- **Dataset section**:
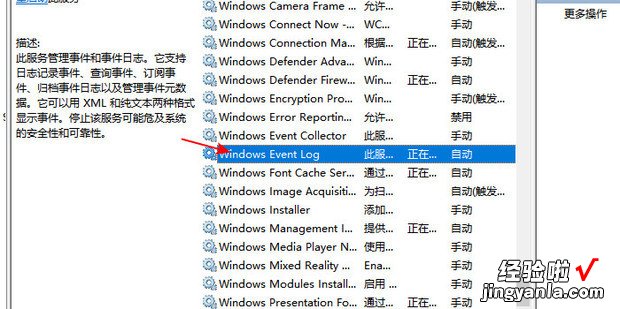 Win10系统事件查看器服务不可用怎么办，win10系统pin不可用无法打开电脑怎么办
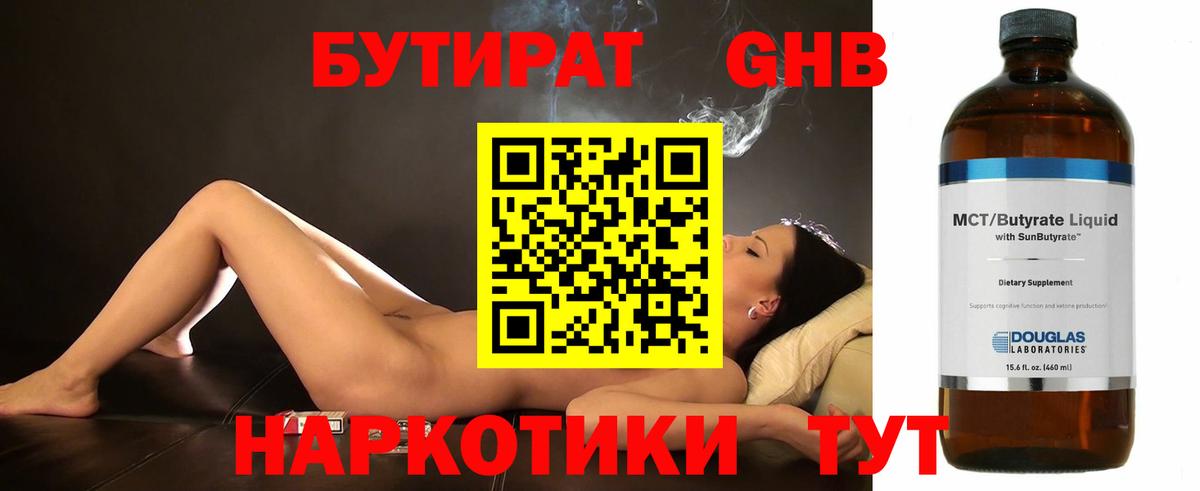БУТИРАТ 1.4BDO Камень-на-Оби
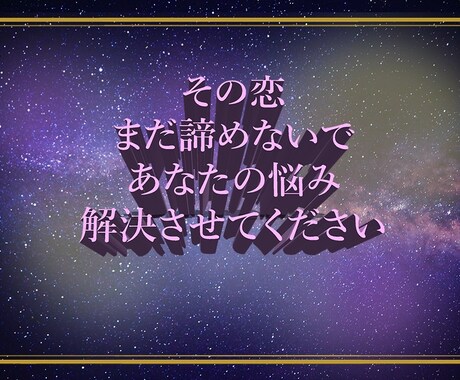 絶対に彼と結ばれたい貴方へ。その恋、結びます 新しい恋、復縁、様々な恋の悩みを解決する独自の手法！ イメージ1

- **Task to complete**:
Without the pictures, write out the whole listing above exactly as it appears.

- **Your solution**:
 Win10系统事件查看器服务不可用怎么办，win10系统pin不可用无法打开电脑怎么办
БУТИРАТ 1.4BDO Камень-на-Оби
 絶対に彼と結ばれたい貴方へ。その恋、結びます 新しい恋、復縁、様々な恋の悩みを解決する独自の手法！ イメージ1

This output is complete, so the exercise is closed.